### Given information
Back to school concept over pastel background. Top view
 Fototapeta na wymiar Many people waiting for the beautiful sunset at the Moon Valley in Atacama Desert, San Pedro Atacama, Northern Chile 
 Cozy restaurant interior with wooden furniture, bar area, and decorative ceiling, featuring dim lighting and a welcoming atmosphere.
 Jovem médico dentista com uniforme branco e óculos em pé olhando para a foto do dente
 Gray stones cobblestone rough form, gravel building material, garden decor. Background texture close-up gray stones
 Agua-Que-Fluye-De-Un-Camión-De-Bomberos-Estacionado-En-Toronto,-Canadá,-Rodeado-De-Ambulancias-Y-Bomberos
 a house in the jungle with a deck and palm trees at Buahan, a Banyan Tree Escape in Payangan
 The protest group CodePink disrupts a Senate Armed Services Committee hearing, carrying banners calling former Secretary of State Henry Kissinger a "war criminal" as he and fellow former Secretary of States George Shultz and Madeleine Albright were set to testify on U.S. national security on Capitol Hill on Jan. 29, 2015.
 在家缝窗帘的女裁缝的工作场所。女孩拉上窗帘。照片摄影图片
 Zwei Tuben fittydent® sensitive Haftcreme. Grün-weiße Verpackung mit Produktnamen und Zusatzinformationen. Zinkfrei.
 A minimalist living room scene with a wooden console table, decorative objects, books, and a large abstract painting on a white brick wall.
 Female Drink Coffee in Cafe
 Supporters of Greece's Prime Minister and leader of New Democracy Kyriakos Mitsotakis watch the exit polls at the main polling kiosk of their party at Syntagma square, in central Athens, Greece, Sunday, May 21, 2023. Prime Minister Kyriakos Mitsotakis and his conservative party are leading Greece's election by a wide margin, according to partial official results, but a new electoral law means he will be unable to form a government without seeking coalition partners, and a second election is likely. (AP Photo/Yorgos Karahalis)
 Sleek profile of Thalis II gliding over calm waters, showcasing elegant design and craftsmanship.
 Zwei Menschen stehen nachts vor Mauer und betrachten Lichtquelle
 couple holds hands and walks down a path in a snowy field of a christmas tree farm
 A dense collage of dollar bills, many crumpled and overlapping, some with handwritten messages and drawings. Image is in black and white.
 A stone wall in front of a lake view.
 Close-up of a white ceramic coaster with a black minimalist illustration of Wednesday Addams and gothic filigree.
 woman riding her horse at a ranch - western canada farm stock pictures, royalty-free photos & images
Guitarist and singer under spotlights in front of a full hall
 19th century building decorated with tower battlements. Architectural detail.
######
◆ Task item
Please return the lines above exactly, from the first one down to the line with "Female Drink Coffee in Cafe", and stop after that line.

◆ Answer box
Back to school concept over pastel background. Top view
 Fototapeta na wymiar Many people waiting for the beautiful sunset at the Moon Valley in Atacama Desert, San Pedro Atacama, Northern Chile 
 Cozy restaurant interior with wooden furniture, bar area, and decorative ceiling, featuring dim lighting and a welcoming atmosphere.
 Jovem médico dentista com uniforme branco e óculos em pé olhando para a foto do dente
 Gray stones cobblestone rough form, gravel building material, garden decor. Background texture close-up gray stones
 Agua-Que-Fluye-De-Un-Camión-De-Bomberos-Estacionado-En-Toronto,-Canadá,-Rodeado-De-Ambulancias-Y-Bomberos
 a house in the jungle with a deck and palm trees at Buahan, a Banyan Tree Escape in Payangan
 The protest group CodePink disrupts a Senate Armed Services Committee hearing, carrying banners calling former Secretary of State Henry Kissinger a "war criminal" as he and fellow former Secretary of States George Shultz and Madeleine Albright were set to testify on U.S. national security on Capitol Hill on Jan. 29, 2015.
 在家缝窗帘的女裁缝的工作场所。女孩拉上窗帘。照片摄影图片
 Zwei Tuben fittydent® sensitive Haftcreme. Grün-weiße Verpackung mit Produktnamen und Zusatzinformationen. Zinkfrei.
 A minimalist living room scene with a wooden console table, decorative objects, books, and a large abstract painting on a white brick wall.
 Female Drink Coffee in Cafe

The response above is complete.